For decades, the bedrock of psychometric evaluation has rested upon the assumption that cognitive ability can be accurately distilled into a series of binary outcomes: a response is either correct or incorrect. However, a groundbreaking study recently published in the Journal of Political Economy suggests that this fundamental methodology may be deeply flawed, inadvertently penalizing individuals—disproportionately women—who possess a nuanced understanding of their own uncertainty. Researchers Glenn W. Harrison and J. Todd Swarthout of Georgia State University, alongside Don Ross of University College Cork, have demonstrated that when the rigid constraints of traditional multiple-choice testing are replaced with a system that allows for the expression of subjective confidence, the long-standing "gender gap" in intelligence and financial literacy not only narrows but, in some cases, reverses entirely.
The study challenges the prevailing "forced-choice" paradigm that dominates everything from elementary school standardized tests to the SAT, GRE, and professional licensure exams. By requiring test-takers to commit to a single answer, these assessments fail to distinguish between a person who is certain of the correct answer and one who is merely guessing between two likely options. This lack of nuance, the researchers argue, overlooks a critical component of human cognition: the ability to accurately calibrate one’s own beliefs against objective reality.
The Architecture of Cognitive Measurement
To investigate the impact of test structure on performance, the research team focused on the Raven Advanced Progressive Matrices (RAPM). Since its development in the 1930s, the Raven’s test has been regarded as a gold standard for measuring "fluid intelligence"—the capacity to think logically and solve problems in novel situations, independent of acquired knowledge or cultural background. The test typically presents a 3×3 grid of geometric patterns with one cell left blank; the participant must identify the missing piece from eight possible options.
In a traditional setting, the RAPM is scored based on the number of correct answers provided within a set timeframe. This format, the researchers note, treats all "incorrect" answers as equal failures, regardless of whether the test-taker was 90% sure or 12.5% sure (a random guess) of their choice. To correct for this, the team designed a computerized experiment that introduced two major variables: financial incentives and a "token" allocation system.
The study involved participants divided into three distinct experimental conditions. The first, a baseline group, completed a traditional version of the Raven’s test for a flat participation fee of five dollars. The second group was paid based on their accuracy but remained restricted to the traditional "one-answer" format. The third group utilized a "belief elicitation" framework. These participants were given 80 digital tokens per puzzle and were permitted to distribute them across the eight possible answers based on their level of confidence.

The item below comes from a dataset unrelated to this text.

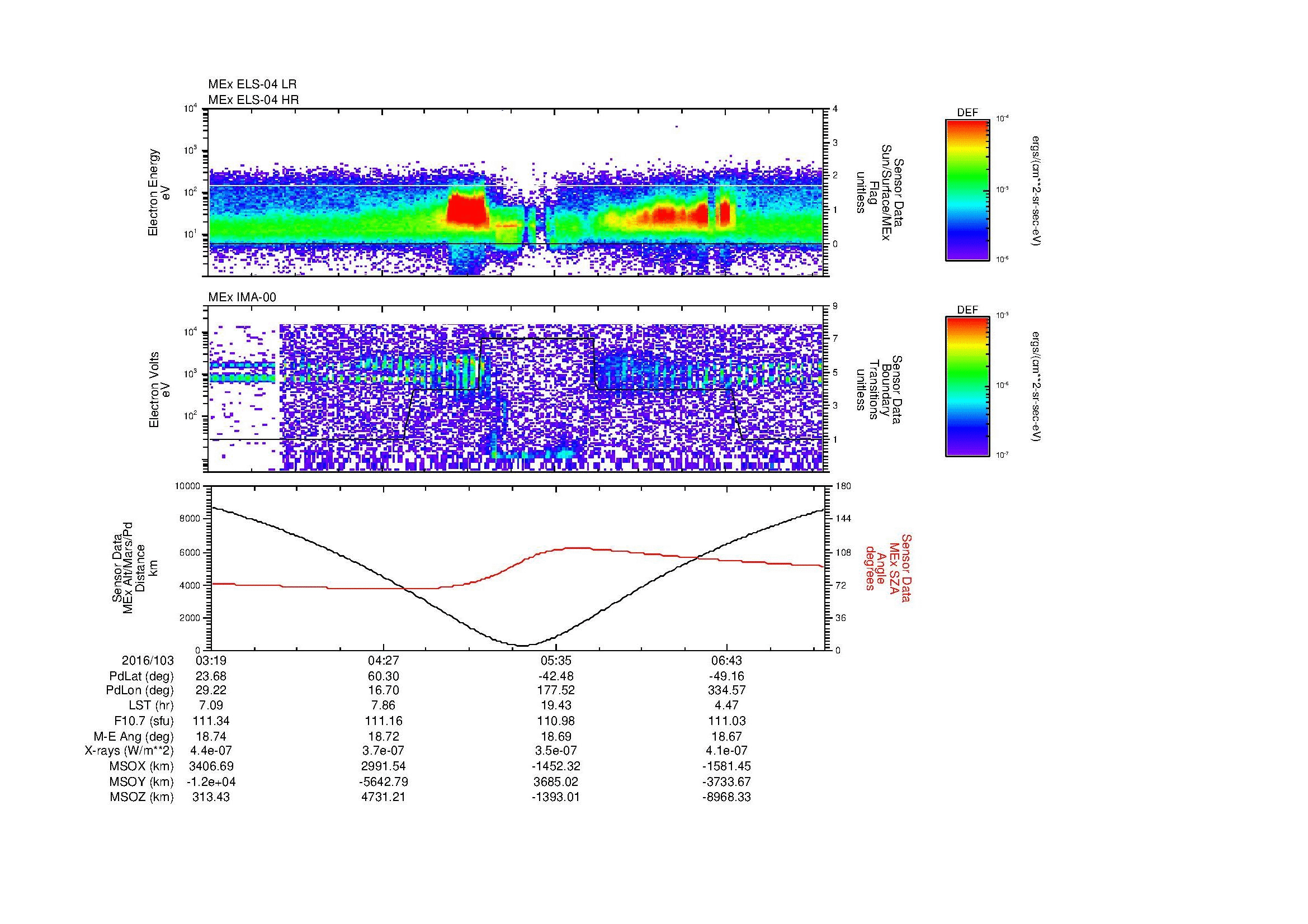 SurveyImages/MAVMPB_MExion_2016103_0319_2016103_0723_B_Quicklook_ELS04_IMA00.gif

If a participant was entirely certain of an answer, they could place all 80 tokens on a single choice, yielding a maximum payout of two dollars if correct. Conversely, if they were torn between two options, they could place 40 tokens on each, securing a smaller but guaranteed reward if either was correct. This mechanism transformed the test from a simple logic puzzle into a sophisticated exercise in risk management and subjective probability.
Reversing the Gender Narrative
The most striking findings emerged when the researchers analyzed the performance of the third group. Under the traditional "forced-choice" format, male participants generally scored higher than female participants, reinforcing historical (though often contested) data regarding gender differences in spatial and fluid reasoning. However, when the ability to express uncertainty was introduced alongside financial incentives, the hierarchy shifted.
Women outperformed men when they were allowed to hedge their bets using the token system. The data revealed that female participants were significantly more adept at identifying when they did not know the answer and distributing their tokens efficiently to mitigate risk. In contrast, men tended to exhibit "overprecision"—a form of overconfidence where they placed too many tokens on a single, often incorrect, answer.
This suggests that the traditional "gender gap" in intelligence testing may not be a reflection of a gap in raw cognitive ability, but rather a gap in how different genders navigate the "all-or-nothing" risk inherent in traditional testing. When the test environment rewarded accurate risk assessment—a trait the researchers consider a fundamental element of intelligence—women proved to be the more effective cognitive agents.
The Chronology of Discovery: From Logic to Literacy
Building on the results of the Raven’s test, the researchers expanded their investigation into two other areas where gender disparities are frequently cited: workplace competitiveness and financial literacy.
In the realm of competitiveness, behavioral economics has long suggested that women are more "risk-averse" and less likely to enter competitive environments, such as "winner-take-all" tournaments. The researchers recreated these scenarios using their token system. They found that men frequently opted for competitive structures even when the mathematical probability of winning was low, leading to overall financial losses. Women, by contrast, accurately evaluated the risks and chose more stable compensation structures. What had previously been labeled as a "lack of confidence" or "competitiveness" in women was revealed to be superior mathematical risk management.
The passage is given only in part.